O filme húngaro é tão aclamado (Palma de Ouro em Cannes, melhor filme estrangeiro no Globo de Ouro e provável vencedor do Oscar nesta categoria) e seu tema, o Holocausto, tão grave que fica chato fazer restrições. Mas a insistência em destacar os “latidos” dos nazistas em off e os cochichos dos prisioneiros dentro do quadro, assim como a opção claustrofóbica dos enquadramentos e a informação rarefeita que recebemos sobre as ações em curso, me provocaram um pouco de tédio e a impressão de que o filme tem sido hipervalorizado. Quero pensar um pouco mais, à luz de uma tradição do cinema do antigo leste europeu que almeja a experiência sensorial da guerra e inclui “Kanal”, de Andrzej Wajda, e “Vá e Veja”, de Elem Klimov.

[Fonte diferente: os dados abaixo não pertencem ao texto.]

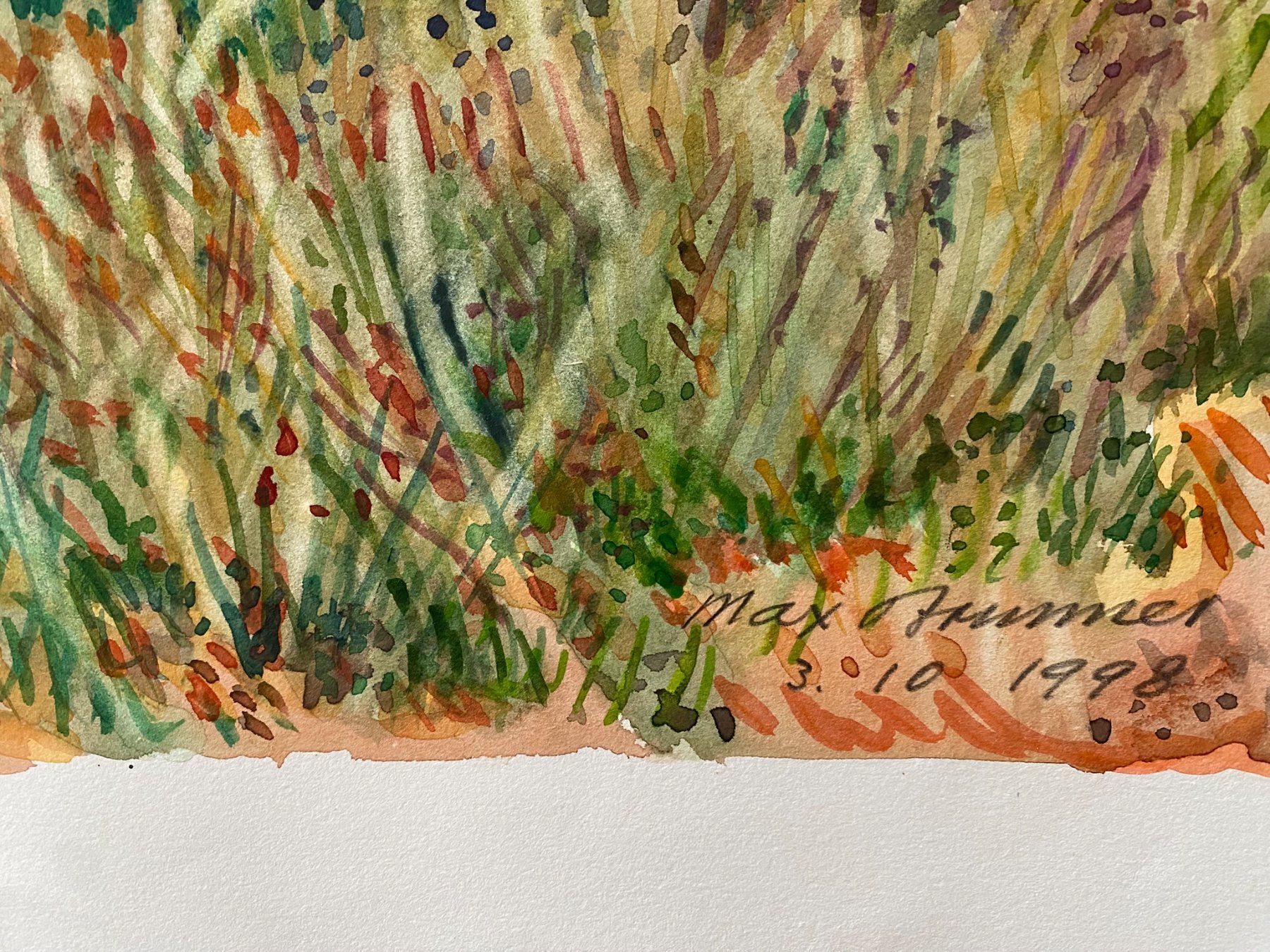 Dipinti: Max Brunner  - Kraftvolles Aquarell-Bild -  Original – Usato da Zürich venduto da jesulin05 3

TRUMBO – LISTA NEGRA segue o figurino das biografias heroicas hollywoodianas. A única mancha no currículo de Dalton Trumbo, a crer no filme, foi o fato de ser um pai de família autoritário – fruto certamente de seu apego ao centralismo democrático dos comunistas –, mas oportunamente regenerado pela autocrítica. De resto, sobram virtudes como dignidade política para nunca trair seus ideais, persistência profissional para montar uma fábrica de roteiros assinados por colegas e pseudônimos durante o período da lista negra macarthista e talento artístico para transformar bombas escritas em matéria para filmes aproveitáveis.

Essa qualidade de Trumbo, porém, não parece ter se transferido para John McNamara ao adaptar o livro de Bruce Cook. Embora correto do início ao fim, o roteiro não atinge uma distinção que o assunto merecia, nem tampouco a direção de Jay Roach. A apresentação da campanha anti-comunista pouco difere dos cinejornais da época, tendo como atração principal as encarnações, por bons atores, do ogro direitista John Wayne, da víbora colunista Hedda Hopper, do destemido Kirk Douglas e do divertidamente solidário Otto Preminger, entre outros menos estelares. Na camada privada da história, Trumbo se relaciona com uma família que não saiu da realidade, mas de algum almanaque do American way of life.

A festejada performance de Bryan Cranston (“Breaking Bad”) é sólida o suficiente para nos conectar com o personagem, mesmo quando tudo em volta soa um tanto esquemático. Esse é o tipo de filme que, embora bom, é mais recebido como “importante”.